Tactile perception is essential for dexterous manipulation, yet high-resolution elastomer simulation remains computationally expensive. FEM offers high fidelity but requires costly remeshing, while MPM incurs significant memory overhead. We present a reduced-order neural simulation framework that combines coarse-grained MPM with an implicit neural decoder to recover fine tactile deformations from compact latent states. By learning a continuous deformation manifold from paired high- and low-resolution simulations, the model enables physically consistent and differentiable inference. Compared with TacIPC, our method achieves 65% faster simulation and 40% lower memory usage while improving geometric fidelity. It further improves tactile rendering and 3D reconstruction accuracy by 25%, producing realistic depth images and surface meshes at faster inference speeds. These results demonstrate an efficient and physically grounded solution for high-detail tactile simulation.

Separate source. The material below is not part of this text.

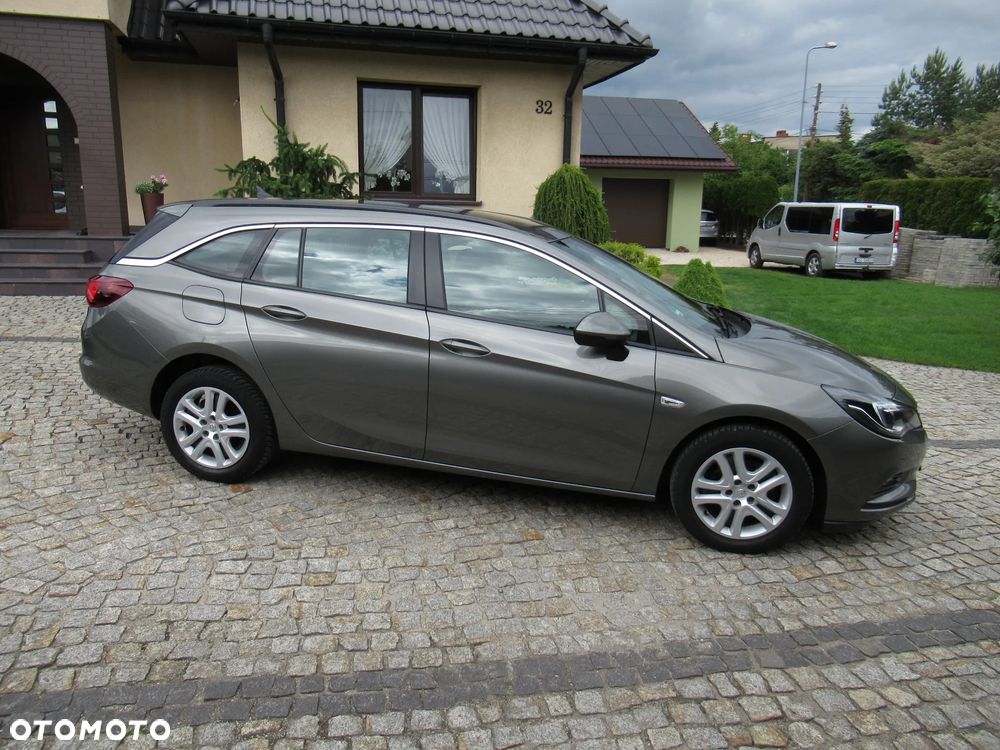 Opel Astra 1.4 Turbo Innovation - 12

Our system first performs a coarse-grained MPM simulation to efficiently capture the global elastomer deformation. The resulting low-dimensional latent state is then fed into an implicit neural decoder trained on paired low- and high-resolution simulations, which reconstructs fine-scale tactile details such as wrinkles, ridges, and localized contact geometry. Finally, the recovered high-resolution surface is directly rendered into tactile depth images and 3D geometry, enabling physically grounded tactile perception at a fraction of the computational cost of full-resolution simulation.
We compare Tacchi, TacIPC, and our reduced-order neural method under identical contact conditions and comparable element budgets. Our method better preserves local ridges, fine contact boundaries, and nonlinear surface deformation patterns, while the baselines exhibit oversmoothing or interpolation artifacts around high-curvature regions.
Given the same input geometry, our framework reconstructs high-fidelity tactile depth maps directly from reduced latent states. Compared with Tacchi and TacIPC, the rendered results retain sharper wrinkles and contact edges with fewer smoothing artifacts, demonstrating better geometric and photometric consistency for tactile image synthesis.
We evaluate depth prediction quality across simulators under identical poses. Our method yields more coherent depth structures and cleaner reconstructed 3D surfaces, reducing geometry distortion caused by over-smoothed tactile responses in prior methods.
Our real-world setup uses a UR5e robotic arm with a GelSight Mini sensor and a custom set of complex 3D-printed objects. This hardware benchmark provides controlled tactile interactions for validating simulation fidelity and sim-to-real transfer.
We further validate our model using bunny-contact experiments: simulated elastomer deformation, rendered tactile observations, and robot-collected real sensor images show strong visual agreement, supporting physically grounded high-detail tactile perception (see top fig).